Stored data ▸
——————————
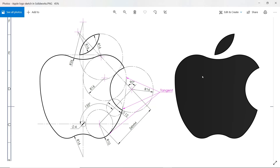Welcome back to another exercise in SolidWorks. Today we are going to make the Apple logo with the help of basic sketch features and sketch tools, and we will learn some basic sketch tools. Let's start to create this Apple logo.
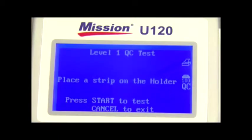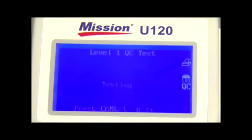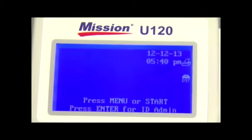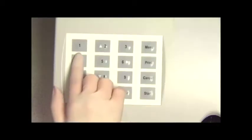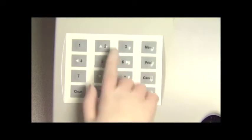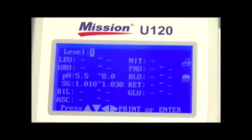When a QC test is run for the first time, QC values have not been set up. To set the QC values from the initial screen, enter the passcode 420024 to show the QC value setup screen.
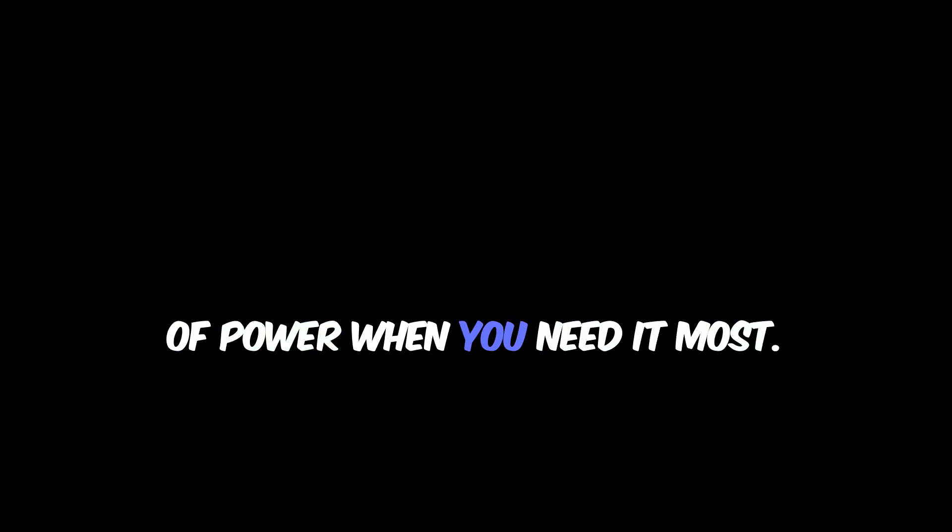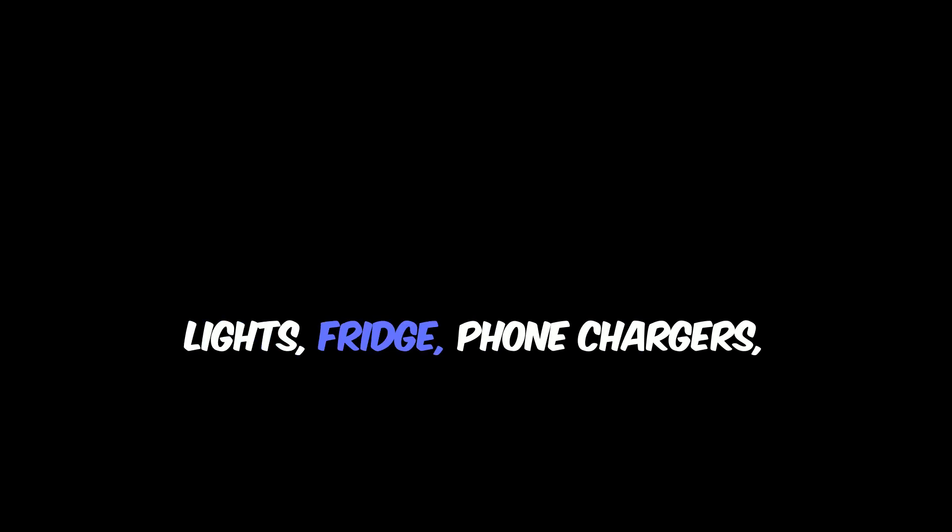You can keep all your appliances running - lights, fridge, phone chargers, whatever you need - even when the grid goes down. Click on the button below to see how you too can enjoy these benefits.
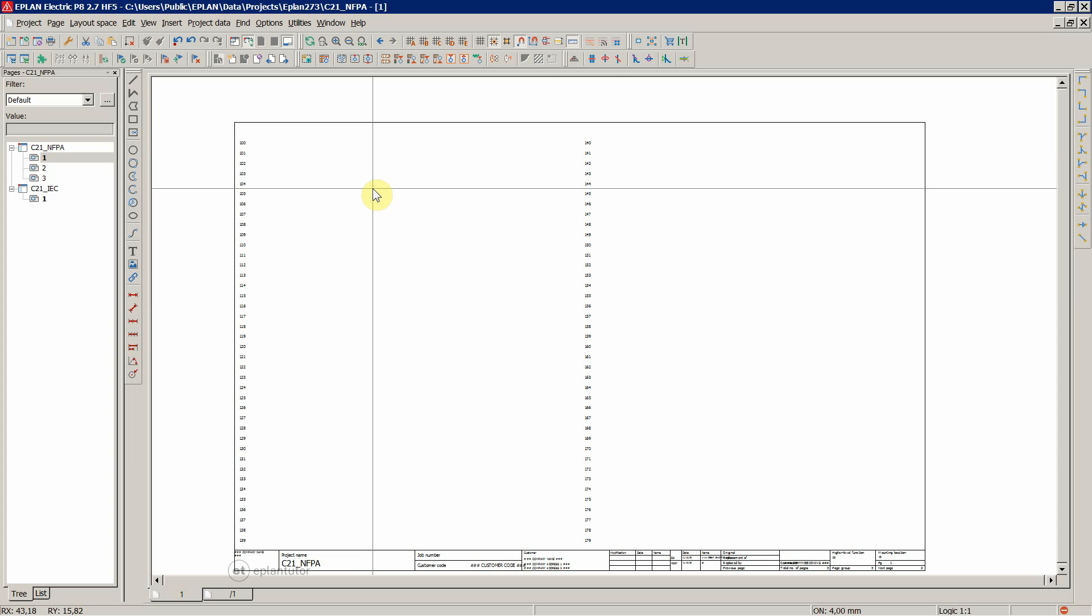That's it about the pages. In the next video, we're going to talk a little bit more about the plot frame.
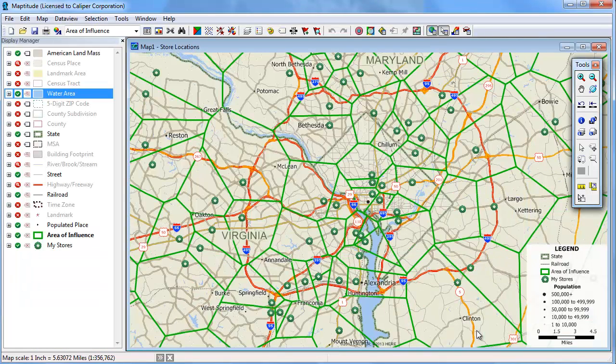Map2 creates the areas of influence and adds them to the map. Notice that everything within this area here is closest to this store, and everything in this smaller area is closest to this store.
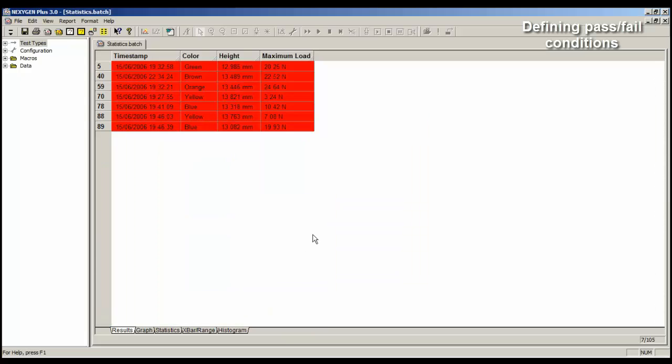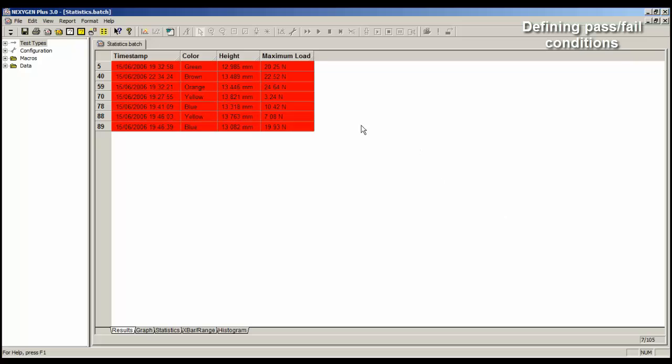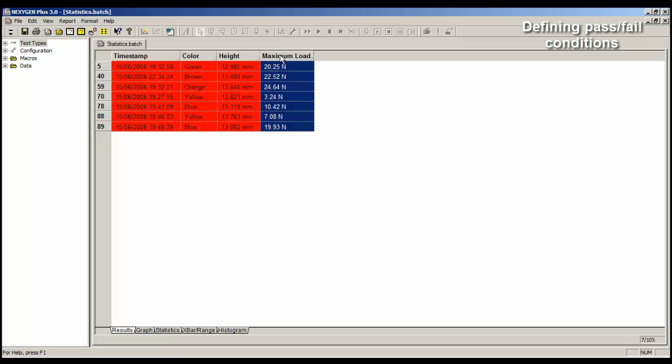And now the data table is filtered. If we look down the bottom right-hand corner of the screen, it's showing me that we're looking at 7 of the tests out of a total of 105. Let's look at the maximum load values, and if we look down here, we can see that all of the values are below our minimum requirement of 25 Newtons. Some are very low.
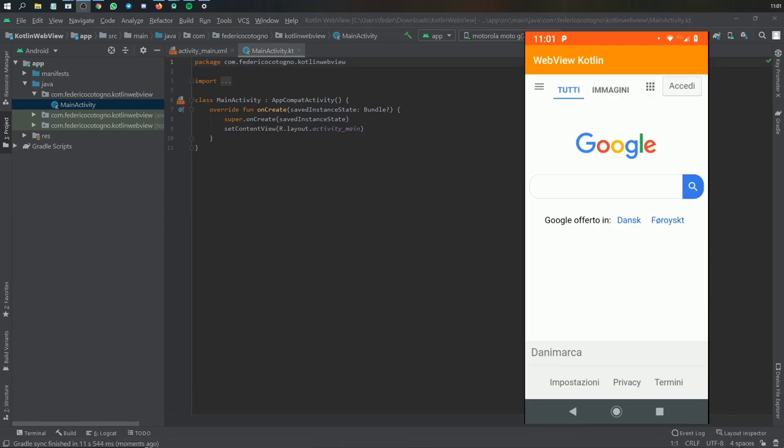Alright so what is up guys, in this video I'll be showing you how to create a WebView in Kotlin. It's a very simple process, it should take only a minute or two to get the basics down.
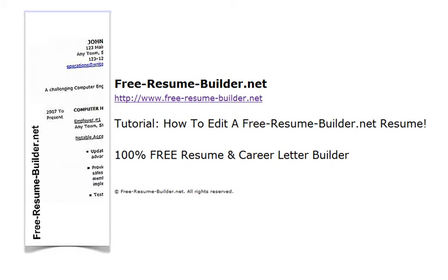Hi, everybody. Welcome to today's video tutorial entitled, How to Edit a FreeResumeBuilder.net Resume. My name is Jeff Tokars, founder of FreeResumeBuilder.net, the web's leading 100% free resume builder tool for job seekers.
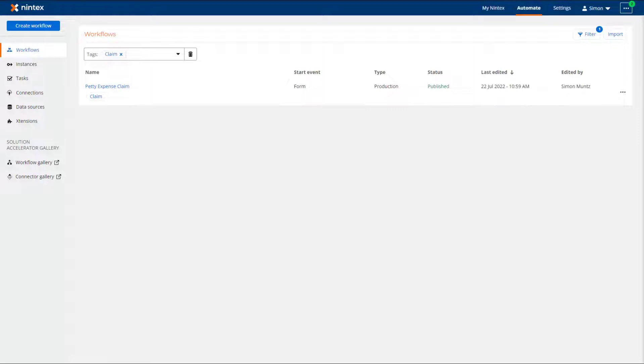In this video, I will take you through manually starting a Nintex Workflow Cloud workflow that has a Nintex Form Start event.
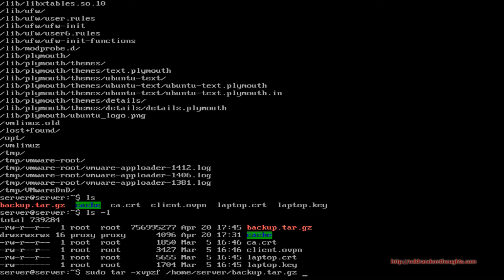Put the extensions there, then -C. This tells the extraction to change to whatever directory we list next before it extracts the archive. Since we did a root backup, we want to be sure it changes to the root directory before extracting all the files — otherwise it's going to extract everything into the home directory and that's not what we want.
——————————
How to complete this task ▸ Every record above must be printed exactly, except for its images.

Response ▸
Welcome back to another exercise in SolidWorks. Today we are going to make the Apple logo with the help of basic sketch features and sketch tools, and we will learn some basic sketch tools. Let's start to create this Apple logo.
When a QC test is run for the first time, QC values have not been set up. To set the QC values from the initial screen, enter the passcode 420024 to show the QC value setup screen.
You can keep all your appliances running - lights, fridge, phone chargers, whatever you need - even when the grid goes down. Click on the button below to see how you too can enjoy these benefits.
That's it about the pages. In the next video, we're going to talk a little bit more about the plot frame.
Map2 creates the areas of influence and adds them to the map. Notice that everything within this area here is closest to this store, and everything in this smaller area is closest to this store.
And now the data table is filtered. If we look down the bottom right-hand corner of the screen, it's showing me that we're looking at 7 of the tests out of a total of 105. Let's look at the maximum load values, and if we look down here, we can see that all of the values are below our minimum requirement of 25 Newtons. Some are very low.
Alright so what is up guys, in this video I'll be showing you how to create a WebView in Kotlin. It's a very simple process, it should take only a minute or two to get the basics down.
Hi, everybody. Welcome to today's video tutorial entitled, How to Edit a FreeResumeBuilder.net Resume. My name is Jeff Tokars, founder of FreeResumeBuilder.net, the web's leading 100% free resume builder tool for job seekers.
In this video, I will take you through manually starting a Nintex Workflow Cloud workflow that has a Nintex Form Start event.
Put the extensions there, then -C. This tells the extraction to change to whatever directory we list next before it extracts the archive. Since we did a root backup, we want to be sure it changes to the root directory before extracting all the files — otherwise it's going to extract everything into the home directory and that's not what we want.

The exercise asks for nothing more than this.